Gli amanti delle sonorità gothic di tipo sinfonico conosceranno sicuramente i Dark Sanctuary. Il loro album "Les Mémoires Blessées" del 2004, quarto della loro discografia, può essere considerato un notevole passo avanti rispetto agli altri, essendo strutturato con una complessità e maestria invidiabile, e soprattutto essendo intriso di un'eterea, solenne, dolce e disarmante tristezza. La cantante, Dame Pandora, è dotata di una voce stupenda e cristallina, profonda quanto basta e soprattutto magnificamente melodica e cullante, che ci accompagna di volta in volta attraverso boschi le cui fronde non lasciano filtrare la luce, antiche cattedrali gotiche dimesse, cimiteri campestri con le lapidi ricoperte dal verde muschio.

La prima traccia "Le Clameur Du Silence" lascia basiti. Dotata di un pathos a tratti ammaliante, la canzone si impernia per la quasi totalità sulla voce della suddetta cantante, a tratti supplichevole, altre volte più diretta e narrativa, e su un pianoforte maestoso e tristissimo. Il tutto crea un'atmosfera quasi sacrale, e la canzone conquista subito al primo ascolto, tagliando le gambe e ammaliando immediatamente.

Non tutte le successive dodici tracce sono dotate della stessa bellezza della prima, ma emergono comunque alcuni pezzi notevoli. Degna di nota è infatti "Présence", più mistica e animata rispetto alla precedente, in grado di ricreare un quadretto campestre di una domenica mattina in un piccolo villaggio, con la nebbia che ancora invade, leggera, le strade e le persone che, lentamente, si incamminano verso la chiesetta sullo sfondo per celebrare le canoniche funzioni domenicali, edificio dalle cui porte aperte si diffonde un soave organo e le cui campane richiamano a sé i popolani.

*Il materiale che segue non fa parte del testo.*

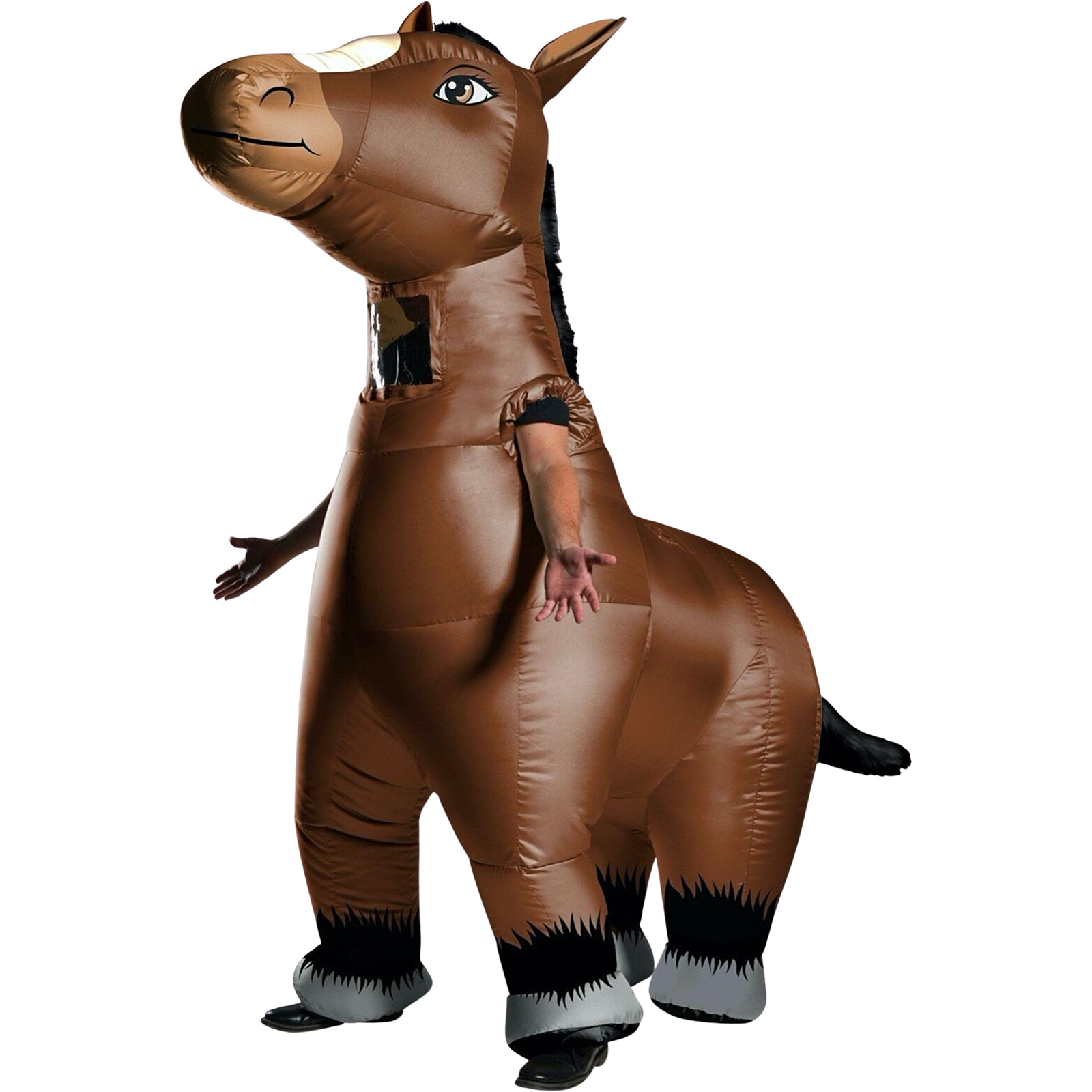 Mr Horsey Inflatable Horse Adult Costume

"D'Une Mère à Sa Fille" riprende molto la prima canzone, soprattutto nella struttura base voce - piano - tastiere. Colpisce forse per la sua grande intensità, dai tratti molto più funerei e maestosi, arricchiti dalle percussioni nella seconda parte, ad aumentare una tensione già di per sé molto alta.

Molto simile alle precedenti è pure "Abre Los Ojos", ispirata all'omonimo film di Amenabar, traccia che si risolleva però nel finale sinfonico e magnificente.

Di diversa fattura è l'ottava "Laiseez Moi Mourir", guidata dalle percussioni tribali e scandita da un ritmo molto più medievaleggiante rispetto alle precedenti e successive, un ottimo pezzo che stacca un po' dalla canonica struttura fin qui sempre proposta.

Finirei solo citando altre tre tracce, "Puisses-Tu...", "L'Instant Funèbre" e la conclusiva title track, quest'ultima interamente strumentale e lacerante nella sua semplicità, un vero e proprio addio dalle tinte fosche e tristissime.

Il disco ha due difetti: la lunghezza, forse eccessiva, e una certa mancanza di varietà, che a un certo punto porta a raggruppare tutte le canzoni sotto al massimo tre strutture principali. Questo secondo difetto è correggibile solo ascoltando molto l'album, diventandone così padroni e riuscendo in questo modo a apprezzarlo in ogni sua singola sfaccettatura.

Se fosse composto da un minor numero di pezzi, magari quelli qualitativamente più importanti, sarebbe un'opera da massimo dei voti, ma minata come è dalle due suddette pecche il giudizio scende leggermente. Ciò nonostante il disco è una vera gemma, appassionante, pregna di significati, dotata di ottime liriche, un gothic sinfonico che farà la felicità non solo degli estimatori di questo genere, ma anche di chi è attratto da certe sonorità in bilico tra folk, gothic, atmosfere medievali e melodia, tanta melodia.